• Given entries
[Start of section]

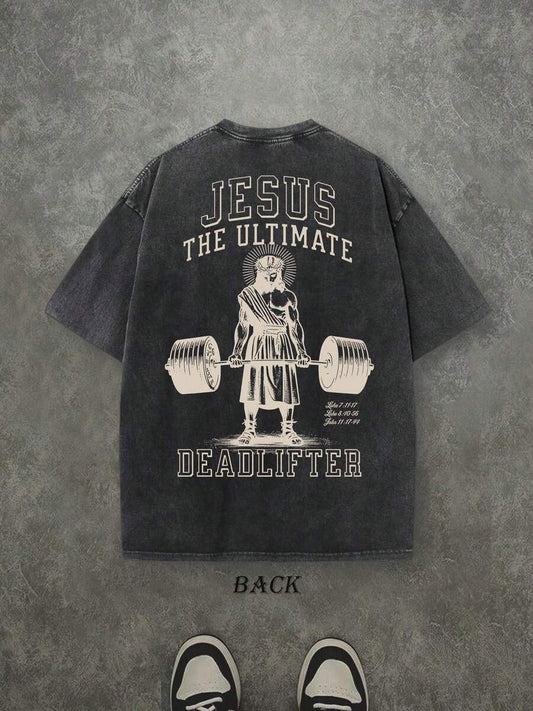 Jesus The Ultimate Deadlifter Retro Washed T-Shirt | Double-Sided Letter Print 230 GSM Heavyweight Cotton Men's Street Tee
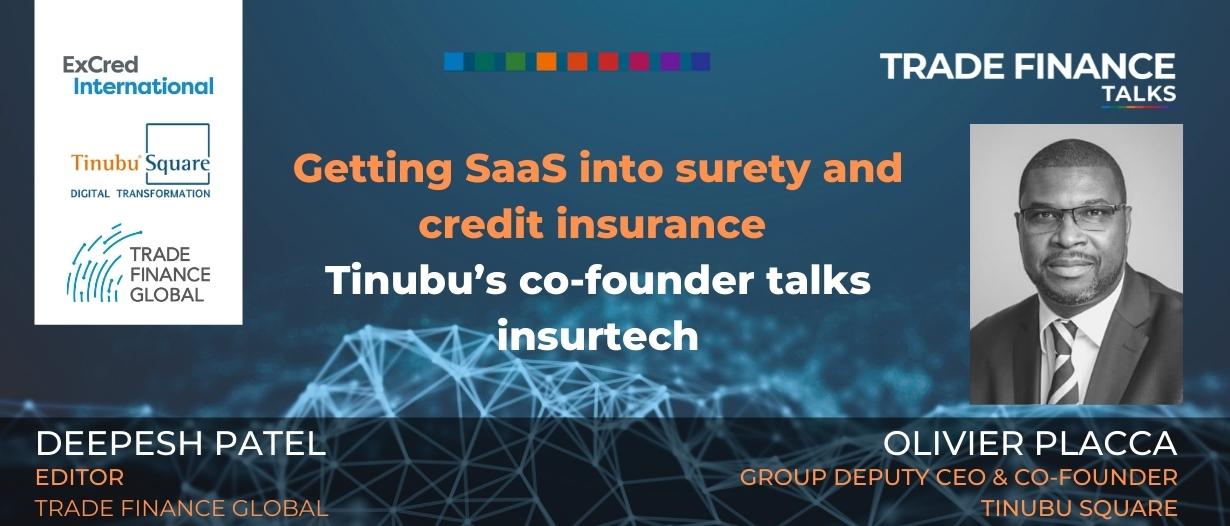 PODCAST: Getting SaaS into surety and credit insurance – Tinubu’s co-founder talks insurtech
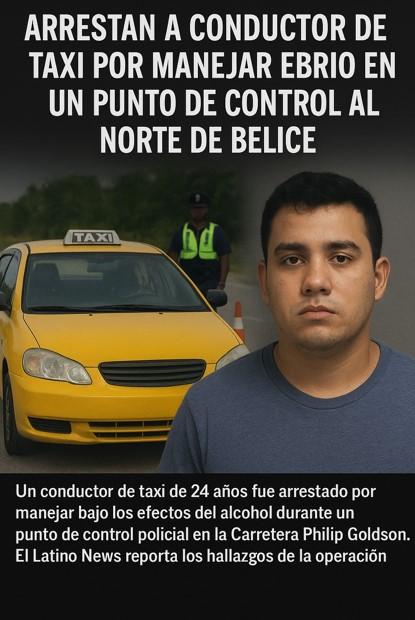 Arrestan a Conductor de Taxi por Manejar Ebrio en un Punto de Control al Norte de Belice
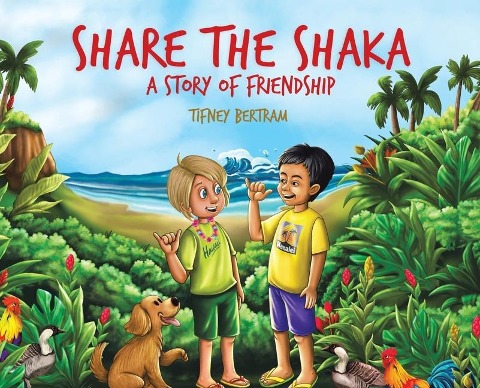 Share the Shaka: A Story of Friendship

[End of section]
[Start of section]

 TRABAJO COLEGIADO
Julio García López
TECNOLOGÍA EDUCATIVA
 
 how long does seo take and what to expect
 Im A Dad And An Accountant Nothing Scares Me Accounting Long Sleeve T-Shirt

[End of section]
[Start of section]

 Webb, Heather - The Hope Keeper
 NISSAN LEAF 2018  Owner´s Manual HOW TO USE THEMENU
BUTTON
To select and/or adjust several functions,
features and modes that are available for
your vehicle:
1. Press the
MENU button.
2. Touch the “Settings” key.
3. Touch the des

[End of section]

Show every line of the material above in which "Touch" is present.

• Solved problem
2. Touch the “Settings” key.
3. Touch the des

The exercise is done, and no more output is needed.